[QUOTE="D_Battery"]
I've always wondered about this; why does one negative action define a person? If a man is kind and righteous for the most part, but decides to steal on a whim, he is a thief. But conversely, if a cruel and malevolent man decided to do a single good deed, he would remain morally bankrupt. Should not the sum of a person's actions be taken into account? This again comes back to the tendency to oversimplify, to divide people into only two camps, good and evil.
GabuEx
What matters is not really what a person does, but why he or she does them. Good deeds don't make a person good; rather, if a person has love in his or her heart, then good deeds are simply a reflection of that. If, on the other hand, the person is doing those deeds simply because he or she wants recognition or wants to fulfill some ulterior motive, then certainly, one would not say that those deeds makes the person good. Effectively, if a person does something bad, then that would cast doubt on the question of whether or not that person was truly sincere in all of the other things that he or she did.
Of course, on the other hand, if a person who has had an evil heart sincerely repents and truly wishes to do good from that point on, then a single good deed can also be a reflection of that, as well.

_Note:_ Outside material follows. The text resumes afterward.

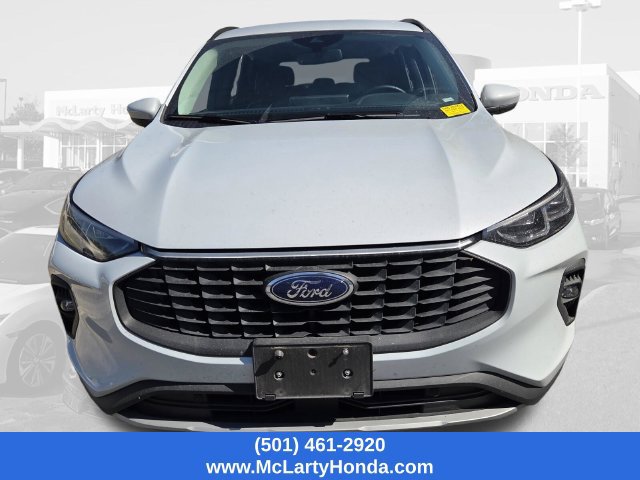 Used 2025 Ford Escape Platinum AWD/4WD image 7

I certainly understand where you're coming from, but this gets into some pretty gray territory. If a person sincerely believes that they are doing good, even if the general consensus is that they are not, is it still good? Would the actions of say someone like Heinrich Himmler be considered good if he were to believe it? Would Osama bin Laden be doing good if that he felt it was so? While I'm not asserting that I understand their reasoning, hypothetically, if they did truly think that their actions were good, would that make it so even if many people thought otherwise? I suppose this comes back to the question of just what good is.